Even if a and b are of built-in type, beware of the incorrect answers unconditionally claiming that built-in right shift is equivalent to division by 2. The equivalence only holds for non-negative values. The behavior of the >> operator for negative values is implementation-defined.

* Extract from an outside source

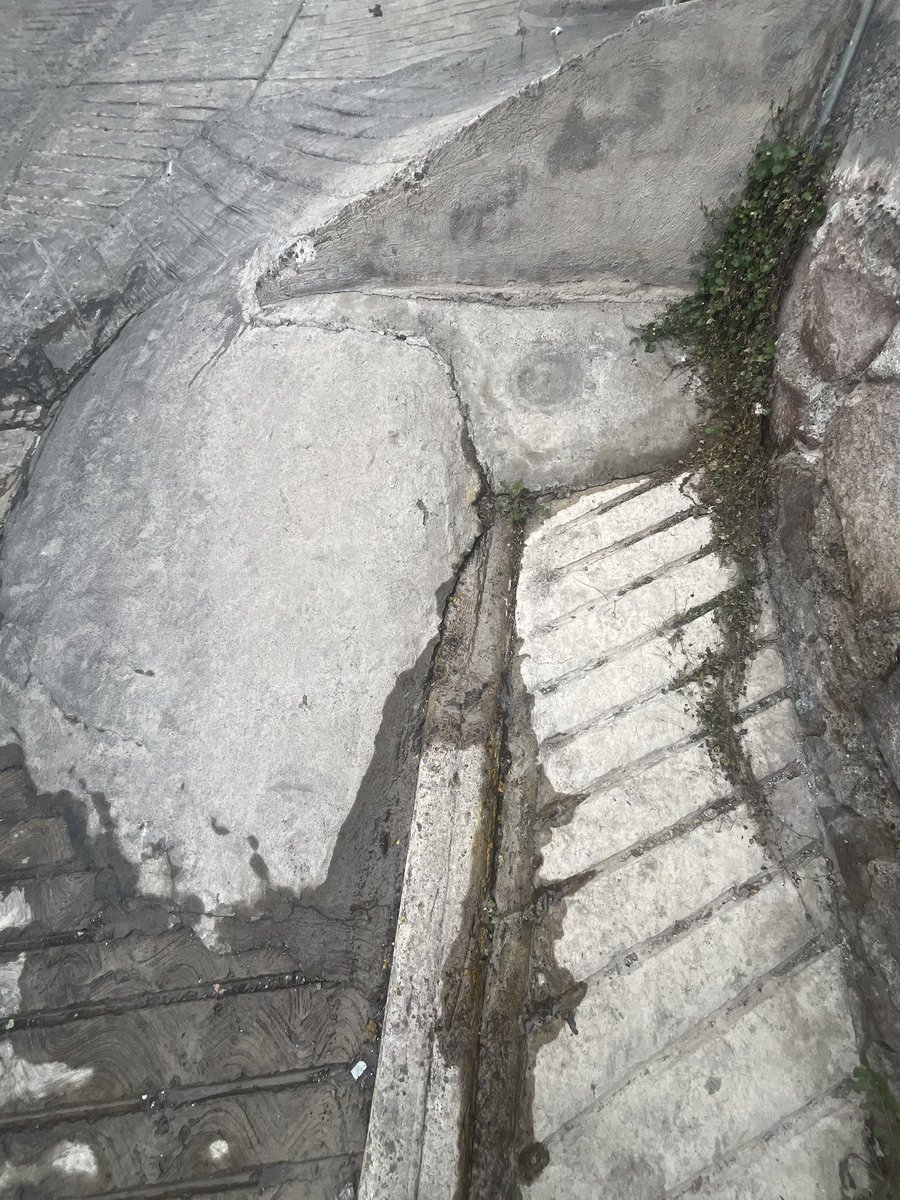 efectosummer's tweet photo. Así inició y cada vez se hace más grande…   Como las del post previo donde los mencioné…. 
@locatel_mx @TuAlcaldiaGAM @SEGIAGUA @ClaraBrugadaM @C5_CDMX https://t.co/JeCIftXtS0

In other words, without extra information, the only thing that can be said is that the code calculates the "sum" a + b and "shifts" it right by 1 bit. I used quotes in the last sentence because in case of overloaded operators + and >> there's no way to predict what they are doing.
AndreyT
2010-09-23 16:33:22
Agree, though, my answer was trying to address the intent of the code, rather than what it actually does.
Chris Jester-Young
2010-09-23 16:39:38
In more detail, a twos-complement negative number starts with 1 (negative numbers are 2^n-x, where n is the number of bits used to store a number and x is the absolute value of the number). A strict bit-shift of that number to the left will replace this 1 with a zero; in decimal math the transformation would follow abs(x)/2+2^(n-1)
KeithS
2010-09-23 16:44:10
@KeithS: Right, and that's what AndreyT's point is: it's implementation-defined. On x86, there are two instructions, `SHR` and `SAR`. `SHR` does what you say: shifts in 0. `SAR` shifts in the top bit. So, since compilers are free to choose which instruction to use, you can get varied results.
Chris Jester-Young
2010-09-23 23:35:47
What about the overflow? http://googleresearch.blogspot.com/2006/06/extra-extra-read-all-about-it-nearly.html
Hamish Grubijan
2010-09-28 19:12:27
+1
A:
As mentioned above, it's an average function utilizing the bit-shift operator in c++ (with some potential pitfalls in it) - by the existence of this question, the readability of this code is quite bad. Do your fellow programmer a favor and think about readability when you write code
bigtang
2010-09-23 16:38:06